It surprises and saddens me how much the ledge gets brought up in the MS community. I haven't had to face what some people have, with increasing physical disability. If at all possible, if the joy in life isn't finding us, we need to find it. Part of why I am here at TiMS is because being a part of the CCSVI community brings me joy. We are building toward this treatment being proven and available.
Ok, over the weekend, I have grown older and wiser. ('Twas my birthday yesterday.) All my focus was on whether or not my vein had lost that 2 mm, but if that did happen, it was right after angioplasty. So if I am on a slight downward slope with the colors less bright and occasional return of symptoms that had been gone, it would need to be caused by something that happened more recently, and so it would be some mild renarrowing, and the retrograde flow seen in the right jugular would support that theory.

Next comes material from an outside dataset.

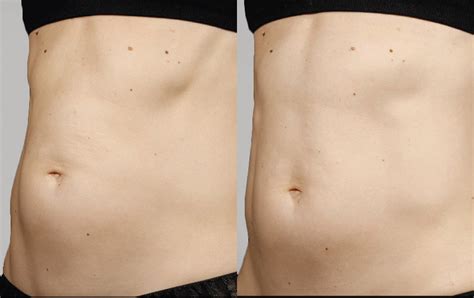 SculpSure | Before & After Photos | LightRx Face & Body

The flow there is definitely not straight down and out. And this is flow, which is Doppler's strength, not structure.
So, I probably have mild renarrowing with no significant loss of improvements. Mild renarrowing might slowly become moderate renarrowing or severe renarrowing, and no significant loss of improvements might slowly become some loss of improvements. I am afraid that this will happen and, when it does, I won't have access to the procedure anymore, if insurance companies disallow it, following Medicare's lead.
The procedure isn't expected to last forever. Maybe for some it does. The goal of tweaking techniques toward perfection is to increase the amount of time between procedures, with two to three years being a reasonable expectation. I'm right in line with that.
Happy belated Cece!
I think the ultimate exit comes up when what brings you joy has been snatched out of your hands. I played the drums for 25 years previously. As I became more disabled, that joy kept slipping. Enter ledge, without hope.
I made my before after video public specifically to pull some back from the ledge. Maybe I can help them see new joys. Just like I have.